Did you try the latest code? I tested it now. The pre-trained weights can be successfully loaded.
If it is still not working for you, can you provide the shell script for using the weights?
Hi @xiaomengyc I noticed that your inception v3 model is a little different from the official model definition of torchvision, but they use the same pre-trained weights (inception_v3_google-1a9a5a14.pth). The different places are as follows:
- padding of Conv2d_1a_3x3: yours, torchvision
- padding and stride of Mixed_6a: yours, torchvision
- padding of max_pool2d: yours, torchvision
Did you make that change? Could you explain it for me?
Thanks!
Hi @yeezhu,
- I added padding because torchvision by default gives us the different resolution of feature maps from the same feature maps in Caffe and Tensorflow. I keep the resolutions same with the baseline methods by adding padding operation.

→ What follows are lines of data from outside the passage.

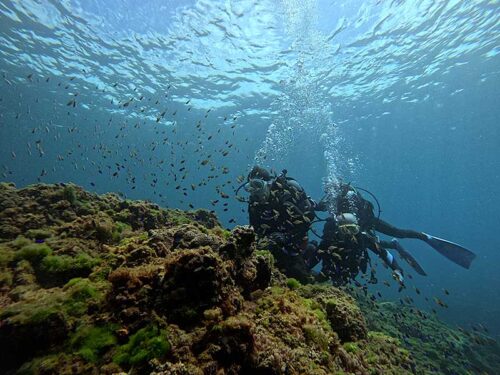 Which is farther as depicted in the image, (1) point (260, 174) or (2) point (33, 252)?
(1) point (260, 174)

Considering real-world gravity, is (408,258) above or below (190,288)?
above

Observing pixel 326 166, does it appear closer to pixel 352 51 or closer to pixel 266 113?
pixel 266 113

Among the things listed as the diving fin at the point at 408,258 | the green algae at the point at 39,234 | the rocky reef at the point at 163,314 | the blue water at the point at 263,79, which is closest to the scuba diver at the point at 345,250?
the rocky reef at the point at 163,314

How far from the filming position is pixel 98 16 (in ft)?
62.2

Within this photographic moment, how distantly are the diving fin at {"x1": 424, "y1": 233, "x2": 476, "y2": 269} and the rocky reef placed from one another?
7.94 metres

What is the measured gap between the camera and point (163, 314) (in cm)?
311

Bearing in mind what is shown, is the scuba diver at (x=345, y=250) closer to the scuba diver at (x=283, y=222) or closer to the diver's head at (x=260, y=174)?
the scuba diver at (x=283, y=222)

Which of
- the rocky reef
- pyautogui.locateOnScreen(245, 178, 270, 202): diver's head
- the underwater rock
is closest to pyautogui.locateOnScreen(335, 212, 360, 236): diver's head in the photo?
pyautogui.locateOnScreen(245, 178, 270, 202): diver's head

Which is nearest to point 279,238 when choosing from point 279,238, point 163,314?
point 279,238

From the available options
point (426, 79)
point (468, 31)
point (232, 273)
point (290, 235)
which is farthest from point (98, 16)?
point (426, 79)

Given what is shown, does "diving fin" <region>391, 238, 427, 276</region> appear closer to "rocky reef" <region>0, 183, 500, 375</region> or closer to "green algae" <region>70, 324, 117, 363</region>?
"rocky reef" <region>0, 183, 500, 375</region>

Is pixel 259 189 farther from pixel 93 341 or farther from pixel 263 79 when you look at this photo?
pixel 263 79

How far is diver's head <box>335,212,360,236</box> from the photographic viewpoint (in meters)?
7.94

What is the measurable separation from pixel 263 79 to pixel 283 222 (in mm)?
21252
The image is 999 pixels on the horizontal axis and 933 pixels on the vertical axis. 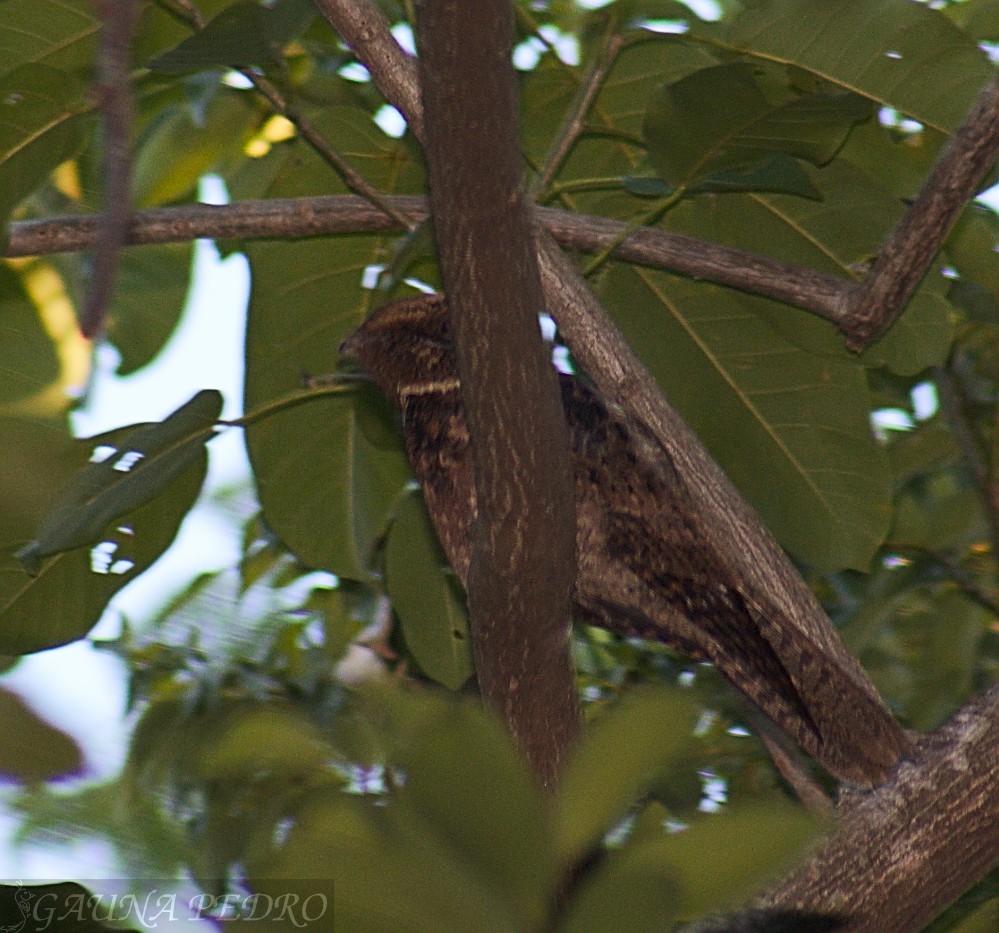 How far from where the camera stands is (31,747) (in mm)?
679

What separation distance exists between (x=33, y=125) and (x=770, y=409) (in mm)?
1530

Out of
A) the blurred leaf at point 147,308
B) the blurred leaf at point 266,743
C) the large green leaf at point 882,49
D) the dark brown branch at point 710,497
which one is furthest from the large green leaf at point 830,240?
the blurred leaf at point 266,743

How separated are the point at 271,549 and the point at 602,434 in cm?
141

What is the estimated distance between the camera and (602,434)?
227 cm

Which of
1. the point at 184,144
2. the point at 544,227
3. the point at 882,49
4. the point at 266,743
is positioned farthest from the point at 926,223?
the point at 184,144

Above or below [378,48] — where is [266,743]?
below

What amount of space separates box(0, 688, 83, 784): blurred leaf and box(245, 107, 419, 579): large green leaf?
1.88 meters

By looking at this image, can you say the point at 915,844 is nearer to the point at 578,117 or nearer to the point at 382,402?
the point at 578,117

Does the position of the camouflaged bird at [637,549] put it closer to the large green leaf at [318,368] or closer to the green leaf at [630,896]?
the large green leaf at [318,368]

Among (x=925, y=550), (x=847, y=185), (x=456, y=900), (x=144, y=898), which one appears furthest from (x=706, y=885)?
(x=925, y=550)

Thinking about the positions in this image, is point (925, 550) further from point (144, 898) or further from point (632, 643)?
point (144, 898)

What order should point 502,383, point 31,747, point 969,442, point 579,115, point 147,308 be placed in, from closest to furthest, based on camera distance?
1. point 31,747
2. point 502,383
3. point 579,115
4. point 969,442
5. point 147,308

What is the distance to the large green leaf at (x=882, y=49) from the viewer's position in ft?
7.11

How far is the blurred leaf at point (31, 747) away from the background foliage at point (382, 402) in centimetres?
49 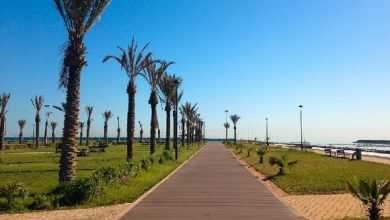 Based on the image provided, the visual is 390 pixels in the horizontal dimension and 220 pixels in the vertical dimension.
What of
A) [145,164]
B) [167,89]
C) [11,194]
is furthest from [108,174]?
[167,89]

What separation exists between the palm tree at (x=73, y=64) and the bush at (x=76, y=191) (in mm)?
1947

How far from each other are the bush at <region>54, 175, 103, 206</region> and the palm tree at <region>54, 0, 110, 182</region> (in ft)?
6.39

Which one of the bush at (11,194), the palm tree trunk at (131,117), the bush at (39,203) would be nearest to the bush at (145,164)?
the palm tree trunk at (131,117)

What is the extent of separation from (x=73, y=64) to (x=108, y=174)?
15.0ft

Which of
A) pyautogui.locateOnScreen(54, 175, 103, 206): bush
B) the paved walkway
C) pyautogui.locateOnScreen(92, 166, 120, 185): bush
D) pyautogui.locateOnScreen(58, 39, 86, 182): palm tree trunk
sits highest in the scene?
pyautogui.locateOnScreen(58, 39, 86, 182): palm tree trunk

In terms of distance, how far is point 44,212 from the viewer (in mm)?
13000

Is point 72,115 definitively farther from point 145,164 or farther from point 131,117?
point 131,117

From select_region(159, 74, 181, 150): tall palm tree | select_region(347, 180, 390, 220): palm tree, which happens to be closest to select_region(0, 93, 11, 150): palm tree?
select_region(159, 74, 181, 150): tall palm tree

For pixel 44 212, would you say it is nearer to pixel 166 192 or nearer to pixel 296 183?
pixel 166 192

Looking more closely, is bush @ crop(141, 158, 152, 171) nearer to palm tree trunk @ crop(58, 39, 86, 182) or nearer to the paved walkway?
the paved walkway

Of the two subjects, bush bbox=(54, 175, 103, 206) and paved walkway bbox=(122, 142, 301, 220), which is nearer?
paved walkway bbox=(122, 142, 301, 220)

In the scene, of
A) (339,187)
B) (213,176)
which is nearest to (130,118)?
(213,176)

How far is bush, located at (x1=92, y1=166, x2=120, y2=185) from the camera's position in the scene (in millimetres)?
16034

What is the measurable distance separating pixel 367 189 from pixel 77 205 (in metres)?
8.69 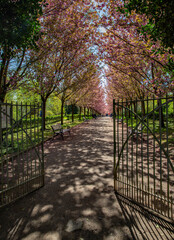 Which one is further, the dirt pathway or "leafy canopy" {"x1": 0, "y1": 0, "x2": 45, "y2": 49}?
"leafy canopy" {"x1": 0, "y1": 0, "x2": 45, "y2": 49}

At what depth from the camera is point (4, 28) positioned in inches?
154

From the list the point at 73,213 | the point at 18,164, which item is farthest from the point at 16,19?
the point at 73,213

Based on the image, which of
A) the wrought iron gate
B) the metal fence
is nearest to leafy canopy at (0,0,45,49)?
the wrought iron gate

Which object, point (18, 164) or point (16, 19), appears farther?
point (16, 19)

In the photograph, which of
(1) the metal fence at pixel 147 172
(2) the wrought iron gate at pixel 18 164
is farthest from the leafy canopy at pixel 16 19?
(1) the metal fence at pixel 147 172

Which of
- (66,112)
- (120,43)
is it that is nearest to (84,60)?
(120,43)

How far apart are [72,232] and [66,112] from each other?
61654 mm

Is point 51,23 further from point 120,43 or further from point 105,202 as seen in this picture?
point 105,202

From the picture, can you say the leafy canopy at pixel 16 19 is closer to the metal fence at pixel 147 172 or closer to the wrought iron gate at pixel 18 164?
the wrought iron gate at pixel 18 164

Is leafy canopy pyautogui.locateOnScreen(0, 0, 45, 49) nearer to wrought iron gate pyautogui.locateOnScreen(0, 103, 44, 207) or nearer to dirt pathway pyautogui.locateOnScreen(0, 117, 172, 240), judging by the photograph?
wrought iron gate pyautogui.locateOnScreen(0, 103, 44, 207)

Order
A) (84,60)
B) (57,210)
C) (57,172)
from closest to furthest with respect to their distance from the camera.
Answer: (57,210)
(57,172)
(84,60)

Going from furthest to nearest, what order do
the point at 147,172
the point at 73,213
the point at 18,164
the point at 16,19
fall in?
the point at 147,172 → the point at 16,19 → the point at 18,164 → the point at 73,213

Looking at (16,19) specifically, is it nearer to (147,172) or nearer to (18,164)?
(18,164)

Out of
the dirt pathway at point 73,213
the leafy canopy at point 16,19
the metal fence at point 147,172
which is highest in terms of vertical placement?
the leafy canopy at point 16,19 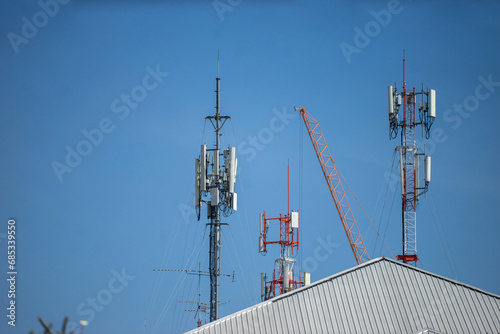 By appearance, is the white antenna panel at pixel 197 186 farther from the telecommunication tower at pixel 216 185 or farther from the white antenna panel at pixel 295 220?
the white antenna panel at pixel 295 220

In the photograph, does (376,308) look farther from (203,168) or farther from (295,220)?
(295,220)

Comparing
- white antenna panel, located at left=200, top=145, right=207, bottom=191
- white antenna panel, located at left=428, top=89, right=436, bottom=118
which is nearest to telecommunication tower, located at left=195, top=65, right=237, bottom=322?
white antenna panel, located at left=200, top=145, right=207, bottom=191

- The stride of Mixed_6a is also for keeping a relative better resolution of the final heatmaps.
Thank you! @xiaomengyc
I modify the code in inception_spg.py
to construct SPG-plain and train it on CUB, but it doesn't converge.
Here are my settings:
-
Pytorch 0.4.0, python 3.6, cuda 8.0
-
lr=0.001 for the pretrained weights (before Mixed_6e), lr = 0.01 for others. momentum=0.9, weight_decay=0.0005. (based on the description in section 3.3 of the paper)
-
The code in
inception_spg.py
that I changed:feat = self.Mixed_6e(x) # side3 = self.side3(x) # side3 = self.side_all(side3) # 28 x 28 x 192 x = self.Mixed_6a(x) # 28 x 28 x 768 x = self.Mixed_6b(x) # 28 x 28 x 768 x = self.Mixed_6c(x) # 28 x 28 x 768 x = self.Mixed_6d(x) # 28 x 28 x 768 feat = self.Mixed_6e(x) # side4 = self.side4(x) # side4 = self.side_all(side4) #Branch 1 out1, last_feat = self.inference(feat, label=label) # self.map1 = out1 # atten_map = self.get_atten_map(self.interp(out1), label, True) #Branch B # out_seg = self.branchB(last_feat) logits_1 = torch.mean(torch.mean(out1, dim=2), dim=2) # return [logits_1, side3, side4, out_seg, atten_map] return logits_1
So, can you share the detailed settings for training CUB on SPG-plain? Many thanks!